Everyone's always living on the edge in this place.
"Also wanna double down on the 'done once' part of that fireplace message. So I'm thinkin' that nixes anythin' about a planned double murder. And all those knives...if that shit really is part of some summonin', then their positions have gotta form some kinda symbol when drawn from above. Do they? I dunno."
Cowboy gives a small, noncommittal shrug.
"Anyway, hard for me to picture the knives originally being meant as weapons in a standard sense cuz levitation's just some soft floaty shit, right? Amita couldn't nyoom a knife into somebody. That's like, cuttin' into telekinesis power territory. Stay in yer lane, y'know? So I wouldn't say her magic could do anythin'. Definitely not worth much shit in a fight. But mebbe those knives were set up all over the place just cuz they were silver and meant to weaken somebody at those certain key points."
He doesn't add to that with his usual amount of conviction.

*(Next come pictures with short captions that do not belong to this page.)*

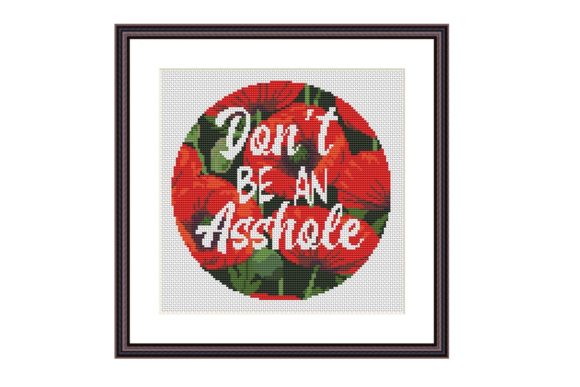 The Quiet Confidence of a “Don’t Be Funny” Cross Stitch Pattern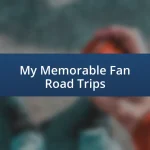 My Memorable Fan Road Trips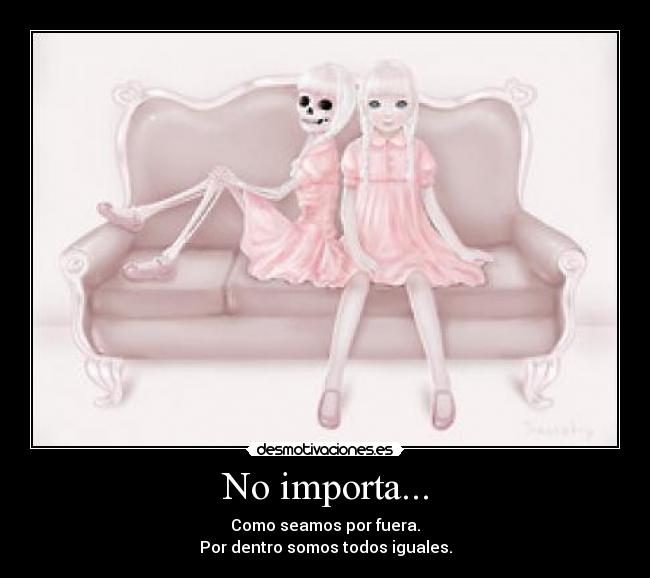 No importa... -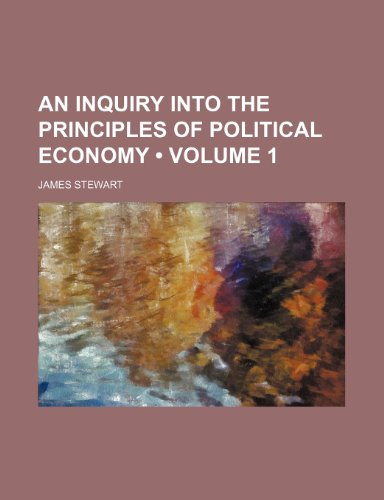 An Inquiry Into the Principles of Political Economy (Volume 1) (9781153966269) by Stewart, James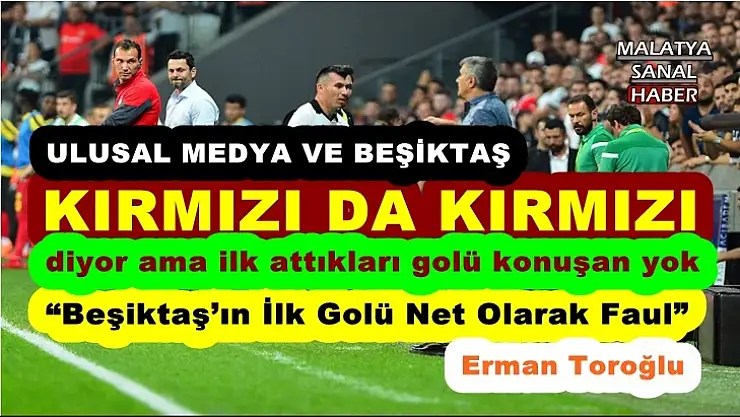 'Beşiktaş´ın İlk Golü Net Olarak Faul'''''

"Gotta say, though, it's a funny combo. Levitation. Shapeshiftin'. If yer gonna go with Amita needin' Boots in particular, then y'gotta figure out what the synergy woulda been. What's so crucial about those two that they had to be combined for whatever the fuck this shit show of a plan was? I ain't seein' it, which is why I'm thinkin' there mighta been a better option and that Boots is our third party in the mix. She mighta caught wind of somethin' and just saw the chance to mess with some shit. Coulda shifted into the wrong somebody. Sadly, there's nothin' really concrete for that. Gotta think some more on that one."
For once, he's making an early concession on a point. The dark brown fabric, though...

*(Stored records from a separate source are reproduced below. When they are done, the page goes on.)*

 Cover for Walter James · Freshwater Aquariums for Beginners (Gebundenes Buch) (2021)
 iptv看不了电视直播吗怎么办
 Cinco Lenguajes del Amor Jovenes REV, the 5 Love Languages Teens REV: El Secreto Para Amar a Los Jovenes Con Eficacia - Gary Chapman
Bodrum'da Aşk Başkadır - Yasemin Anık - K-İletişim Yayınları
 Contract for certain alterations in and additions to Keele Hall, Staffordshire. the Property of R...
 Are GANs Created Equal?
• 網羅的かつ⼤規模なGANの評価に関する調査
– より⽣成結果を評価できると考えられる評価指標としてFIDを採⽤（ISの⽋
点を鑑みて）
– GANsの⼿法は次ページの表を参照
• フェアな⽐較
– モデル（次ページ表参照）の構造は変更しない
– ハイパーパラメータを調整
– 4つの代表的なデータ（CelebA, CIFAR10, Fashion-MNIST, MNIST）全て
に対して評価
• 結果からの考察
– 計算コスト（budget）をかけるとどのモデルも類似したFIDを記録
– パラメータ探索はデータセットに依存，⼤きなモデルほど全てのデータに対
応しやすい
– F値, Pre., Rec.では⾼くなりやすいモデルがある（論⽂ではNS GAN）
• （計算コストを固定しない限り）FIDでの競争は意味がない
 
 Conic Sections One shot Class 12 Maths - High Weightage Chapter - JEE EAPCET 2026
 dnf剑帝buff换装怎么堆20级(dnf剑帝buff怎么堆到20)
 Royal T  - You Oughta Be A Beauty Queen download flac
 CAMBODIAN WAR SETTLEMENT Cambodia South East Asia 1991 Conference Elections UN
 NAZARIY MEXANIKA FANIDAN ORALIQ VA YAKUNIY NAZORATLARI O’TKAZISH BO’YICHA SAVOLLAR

"Let's keep holdin' onta that. The oh so mysterious fabric. My coat's brown but it's an all-fur luxury model, baybee. Somebody's prolly got a brown somethin' they ain't accountin' for. And if y'really wanna get microscopic here, you can start by gettin' rid of the confirmed supers we do know about, and take a hard look at everybody else's clothes and behavior. Anybody here have a thing for the moon? Come on out. Or maybe don't yet. Let's figure out your real trigger first... Blood? Something shiny? Can't wait to find ya, buddy. Yer gonna be in for a real treat later."
So much for not getting back on his supernatural bullshit. Cowboy smiles pleasantly, perhaps back to normal now that he's gotten that vague threat out.